Pharm Unit 2 Flashcards
What can be given for pre-eclampsia?
Magnesium sulfate
What are the 5 components of anesthesia?
Hypnosis, analgesia, muscle relaxation, sympatholysis and amnesia
How do barbiturates exert their effect?
Potentiating GABA-a channels, also act on glutamate/adenosine/neuronal nicotinic ACh receptors
What do barbiturates do the CBF/CRMO?
Act as a cerebral vasoconstrictor, reduce CBF and CRMO by about 55%
Why do you want to avoid infusions of barbiturates?
Prolonged context-sensitive half time. They also rapidly redistribute into other tissues.
Dose of Thiopental?
4 mg/kg IV
Dose of methohexital?
1.5 mg/kg IV
How does methohexital affect seizures?
Lowers seizure threshold = easier to have one, making it an ideal drug for ECTs
Basic effects of barbiturate’s on ventilation?
Dose dependent depression with slower frequency and lower tidal volume, similar to narcotics
What happens during intra-arterial injection of a barbiturate?
Immediate intense vasoconstriction and pain. Treat with vasodilators: lidocaine or papaverine
List the induction, conscious sedation and maintenance doses of propofol
Induction = 1.5 - 2.5 mg/kg IV
CS = 25 - 100 mcg/kg/min
Main = 100 - 300 mcg/kg/min
Describe Ampofol and Aquavan relative to Propofol
Ampofol = low-lipid emulsion with no preservative, higher incidence of pain on injection (good d/t less effect on triglycerides)
Aquavan = prodrug that converts into active form, no pain on injection, by has unpleasant sensation related side effects
Describe Propofol MOA
Selective modulator of GABA-a = increased Cl conductance and hyperpolarized cell
Describe the BP/HR changes with propofol, etomidate and ketamine
P = decreased BP and HR
E = no change to BP and HR
K = increased BP and HR
T/F: Propofol is safe for alcoholic patients?
T: awakening time does not change with healthy vs ETOH patients
How does the dose of Propofol change with children vs elderly?
Children = increased dose, elderly = decreased dose (by 25-50%)
Why is Propofol advantageous as a sedative?
Prompt recovery, low PONV, anti-convulsant, amnestic, anti-oxidant. Does not provide analgesia however
What is the sub-hypnotic dose of Propofol?

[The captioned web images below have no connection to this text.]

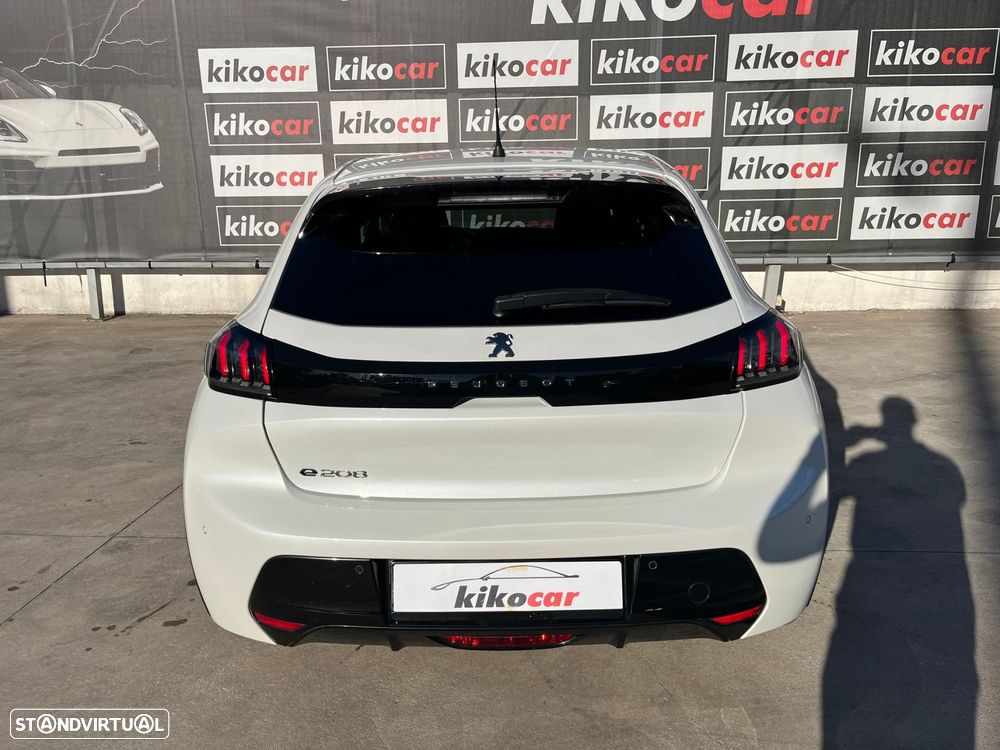 Peugeot e-208 Allure - 7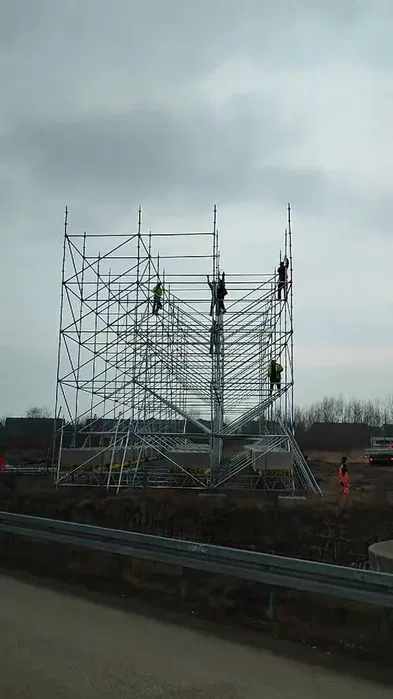 Rusztowanie Layher wynajem -modułowe, elewacyjne, stemple,szalunki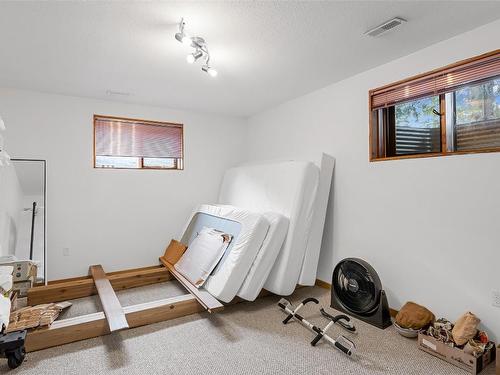 2882 Airport Way, Revelstoke, BC - Indoor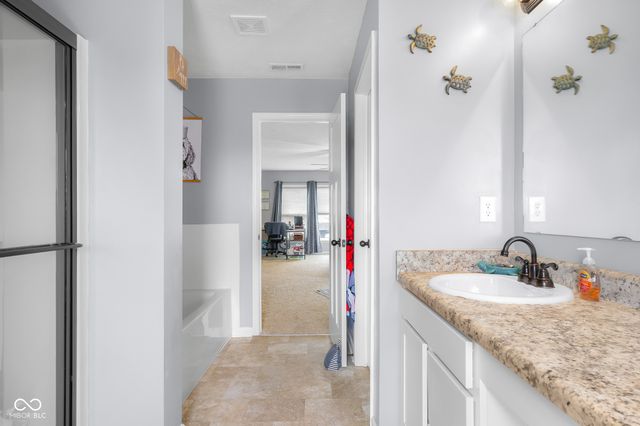 2015 Amur Court, Columbus, IN 47201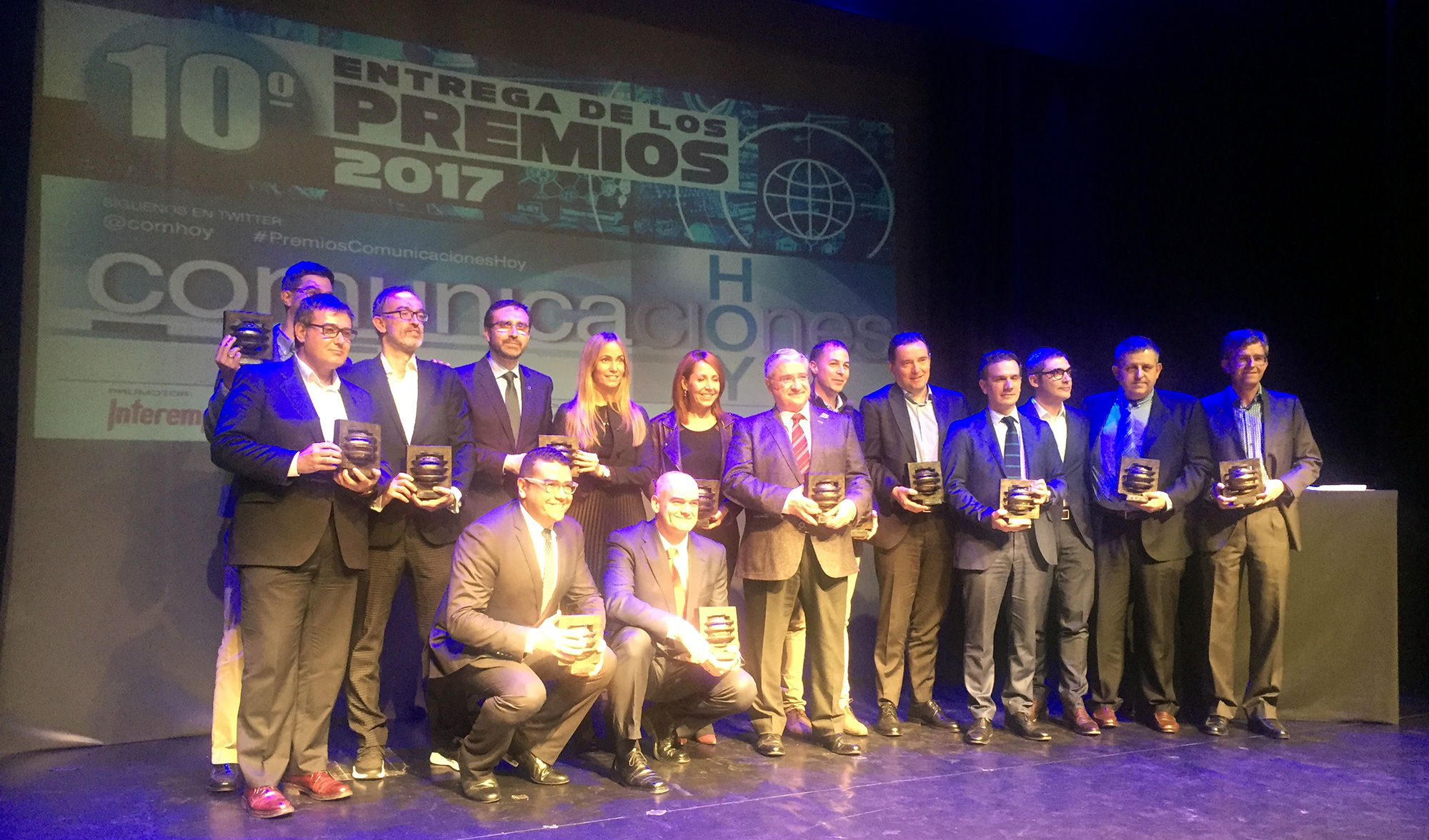 Foto de grupo de los ganadores de las 13 categoras de los 10 Premios ComunicacionesHoy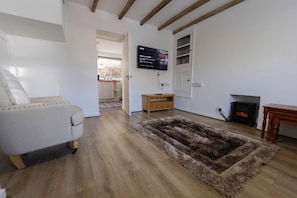 Cottage | Living area | Fireplace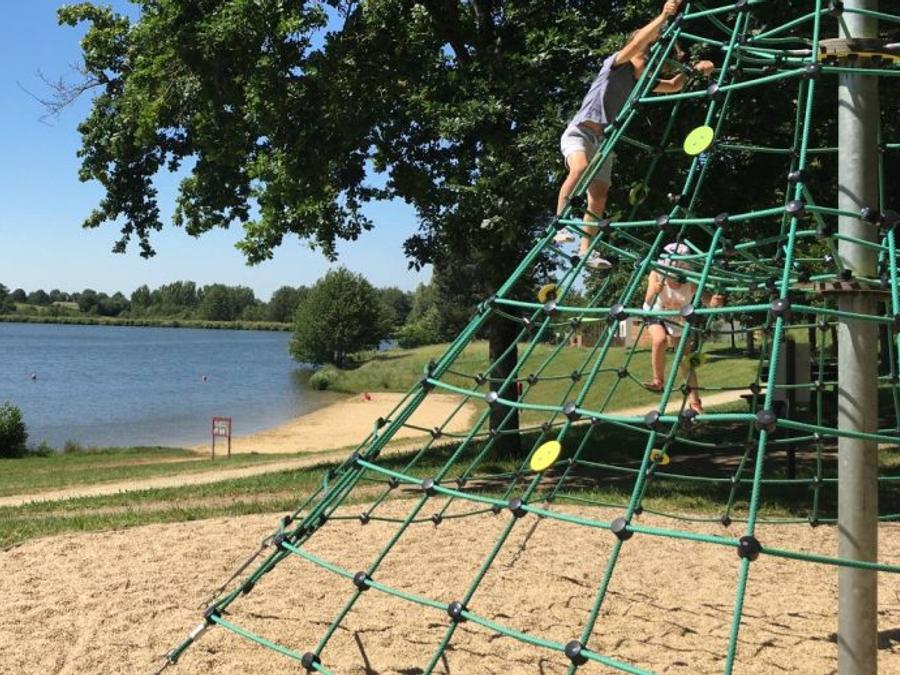 Camping du lac Pouzauges, 3*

10-15 mg IV followed by 10 mcg/kg/min
Anti-pruritic dose of Propofol?
10 mg IV
What effect does Propofol have on the airway?
Bronchodilation
Anti-convulsant dose of Propofol?
1 mg/kg IV
Effects on CRMO with Propofol?
Decreases CRMO, CBF and ICP. D/t autoregulation, CBF and PaCO2 are maintained
Black box warning for Propofol?
Profound bradycardia leading to asystole in healthy patients
Describe Propofol infusion syndrome including dose
Greater than 75 mcg/kg/min longer than 24 hours. Can cause severe refractory bradycardia in children, lactic acidosis, brady-dysrhythmias and lactic acidosis. Green urine.
Etomidate MOA?
Selective modulator of GABA-a
Dose for Etomidate?
0.2-0.4 mg/kg/ IV
Best indication for etomidate?
In an unstable CV patient
What is the big side effect of etomidate?
Myoclonic movements, very common. Can be prevented with fentanyl 1-2 mcg/kg IV
Contraindication to etomidate?
Adrenal suppression - it makes it worse so you lose your stress response
Relationship of CRMO/CBF to etomidate?
Decrease CBF, CRMO and ICP by 35-45% via cerebral vasoconstriction
Etomidate effects on ventilation?
Is a depressant but less so than barbiturates. Vt decreases are offset by compensatory increases in RR
What is advantageous of ketamine over etomidate/Propofol? Cons?
No pain on injection and profound analgesia at subanesthetic doses. Dose have delirium concerns and abuse potential.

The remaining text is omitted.